| Your instructions |
Exactly the lines from the one containing "Hey guys, today" through the one containing "A handstand should" in the listing below are to be copied, with the pictures left out.

| Source data |
########

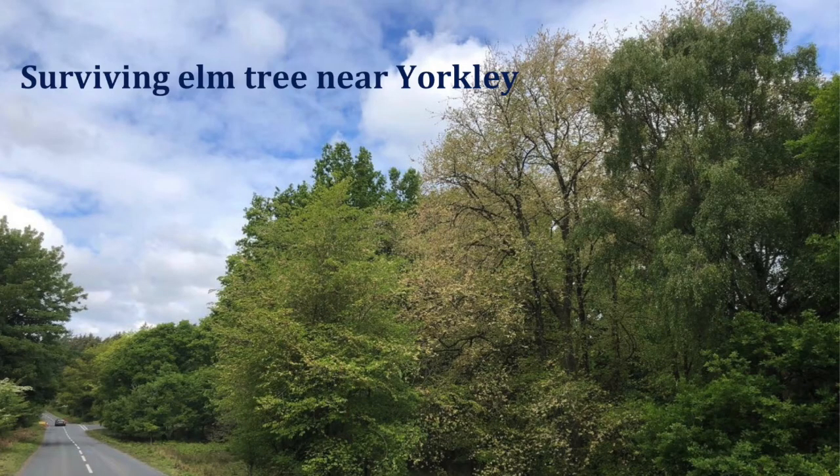I know one tree in the forest which is still there, an elm tree near Yorkley. Just one tree? It's one tree and a few isolated bits, and I suspect now that the beetle has disappeared. It's eaten its way out of its home.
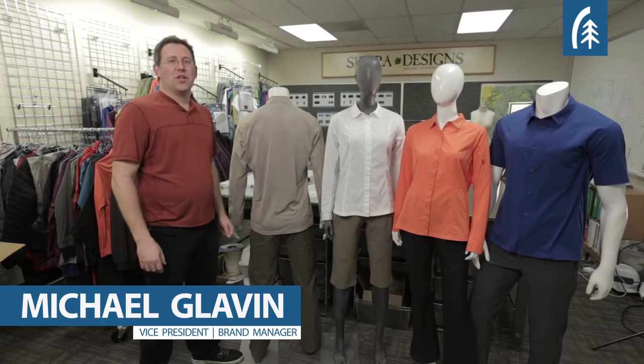Hi, I'm Mike Glavin from Sierra Designs and today I want to talk to you about the Solar Wind shirts for men and women. Traditionally if you wanted a little bit of sun and bug protection you would have to choose between a fishing shirt or what we call a safari shirt.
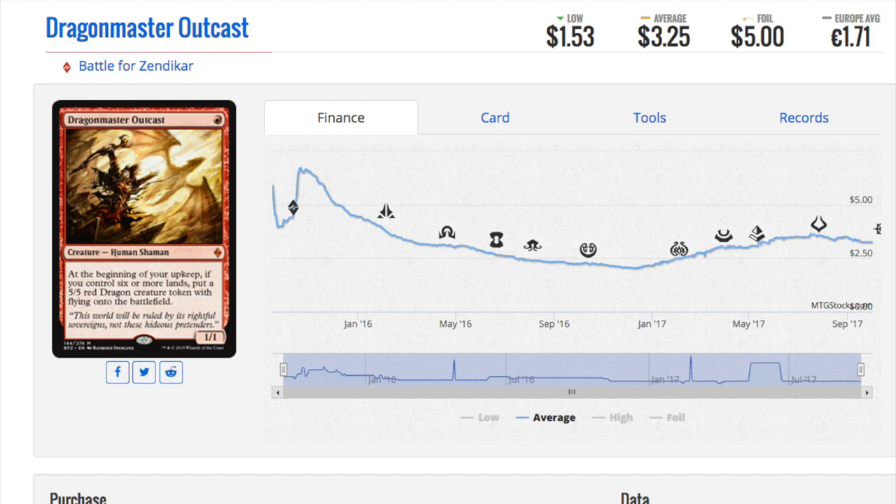Hey guys, today we are going to focus on one card. If you enjoyed this video, let me know. This is what you guys wanted — you wanted me to talk about what card to actually buy that hasn't spiked up in price, and I'll explain the logic.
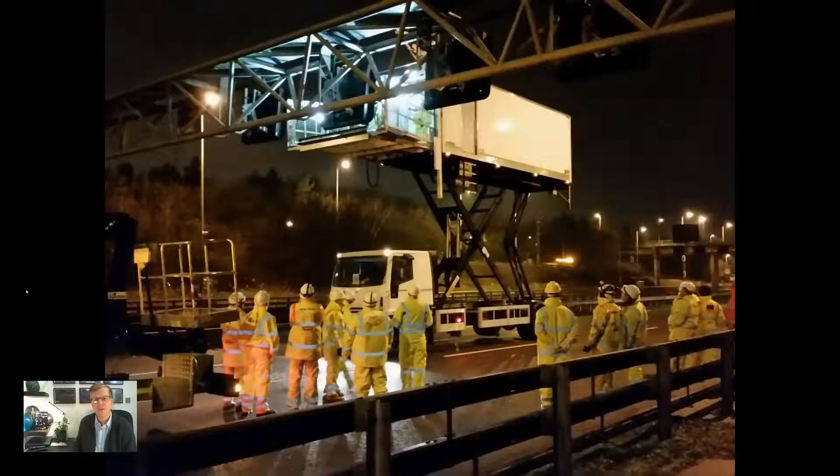Ensuring safe maintenance access provision without a dedicated hard shoulder does introduce certain challenges on ALR sections, where lane closures will be required to undertake a range of tasks. To improve safety and the efficiency of these operations, a maintenance access vehicle, MAV, has been developed to undertake rapid AMI replacements on non-accessible gantries.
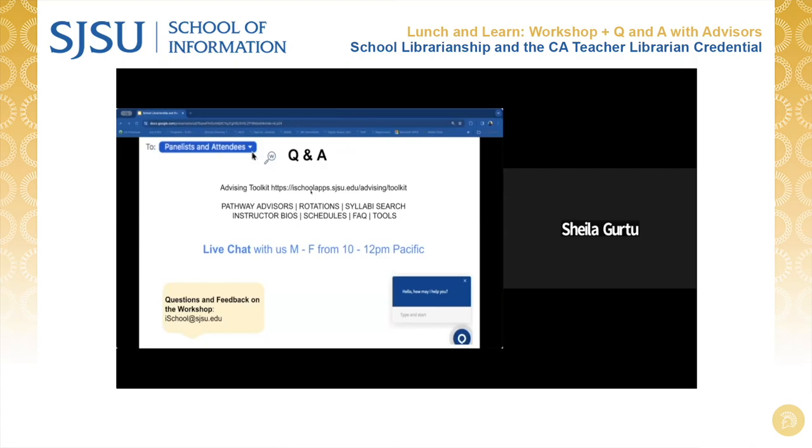We have a few more minutes. If any of our attendees have any other burning questions, tips, or suggestions they're looking for from our panelists, please use the chat or the Q&A feature of our webinar. How about closing thoughts — if there are any closing thoughts or tips any of our panelists would like to share with guests today, feel free.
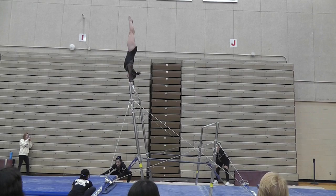A handstand should be a very straight body skill. Sometimes you'll see athletes who think their body position is straight, but it's actually a bit bent. If you watch May, her body alignment — all the joints line up just perfectly straight. That would be considered her lines.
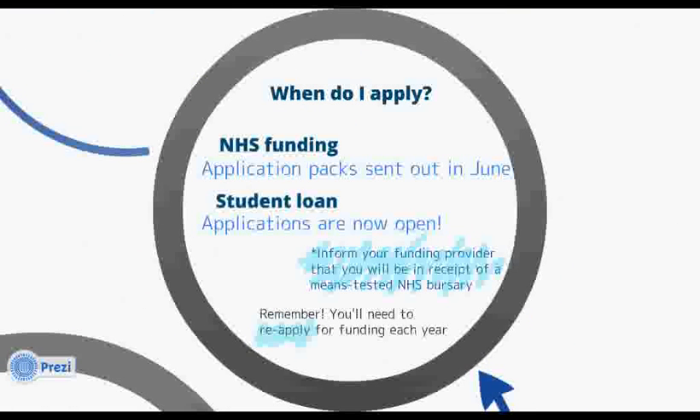For NHS funding, an application pack will be sent directly to you from the NHS Awards unit. This normally happens in June of each year. With regards to your maintenance loan, applications are now open for both England and Wales, and the easiest way to apply is online. It's important to get this done as soon as possible to make sure your funding is in place in time for the start of the academic year. Don't forget to let your funding provider know that you'll be in receipt of a means-tested NHS bursary, as this will ensure you are awarded the correct amount of loan.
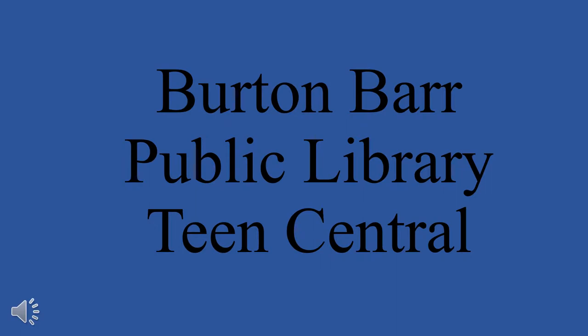Burton Bar Public Library is located in downtown Phoenix, Arizona. The teen section of this library is referred to as Teen Central and is located on the fourth floor.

########

| Solution to the exercise |
Hey guys, today we are going to focus on one card. If you enjoyed this video, let me know. This is what you guys wanted — you wanted me to talk about what card to actually buy that hasn't spiked up in price, and I'll explain the logic.
Ensuring safe maintenance access provision without a dedicated hard shoulder does introduce certain challenges on ALR sections, where lane closures will be required to undertake a range of tasks. To improve safety and the efficiency of these operations, a maintenance access vehicle, MAV, has been developed to undertake rapid AMI replacements on non-accessible gantries.
We have a few more minutes. If any of our attendees have any other burning questions, tips, or suggestions they're looking for from our panelists, please use the chat or the Q&A feature of our webinar. How about closing thoughts — if there are any closing thoughts or tips any of our panelists would like to share with guests today, feel free.
A handstand should be a very straight body skill. Sometimes you'll see athletes who think their body position is straight, but it's actually a bit bent. If you watch May, her body alignment — all the joints line up just perfectly straight. That would be considered her lines.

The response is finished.